O Irmão Alemão, de Chico Buarque, lançado pela Cia das Letras, engaja dois estilos em uma só obra. Trata-se de uma ficção de sua própria realidade - algo que o blindará contra acusações ou mesmo desconfianças. O realismo fantástico de Chico empolga nos momentos de intimidade. É muito bom conhecer esse falso Chico em sua casa, ao lado dos Hollander. O dia-a-dia de seu pai, o grande Sérgio Buarque e suas manias intelectuais nos afrontam e ao mesmo tempo nos seduz. O livro possui harmonia no começa da prosa e um ritmo gostoso que não se apoiam no mito buarquiano . Chico se apega aos jargões de sua música e canta uma cidade, um Estado e um penar com elegância. O conflito prende atenção até a metade da obra, quando começa a perder fôlego. A história gira em torno do filho alemão de Sérgio Buarque que o jovem Francisco descobre ao folhear um dos livros na famosa biblioteca de sua casa. Até esse momento, o livro é um parque de diversões. Mas Chico puxa o tapete do leitor e, a partir do quinto capítulo transforma a saga folclórica em um ritual imaginativo com solilóquios sem fim. A obra se torna chata, pesada, enclausurada em uma prisão de possibilidades que mais parece um rascunho de boa vontade do próprio autor em levar o bendito romance até o fim.

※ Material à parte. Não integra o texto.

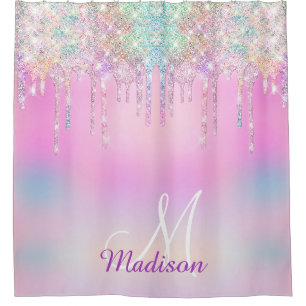 Niedlich Pink Unicorn Rainbow Glitzer Tropfen Mono Duschvorhang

Eu sei, pois segui a mesma trilha que o autor e também perdi o pulmão. Fui até lá nos confins da falta de paciência de Chico para entender o que se passava por sua cabeça. Agora entendi que tinha muita gente aflita por essa obra e Chico, como um bom malandro, mandou "colocar água no feijão". Sempre idolatrei Chico e agora estou frustrado. É o que se diz de um mito: ele deve ser apenas admirado, nunca investigado.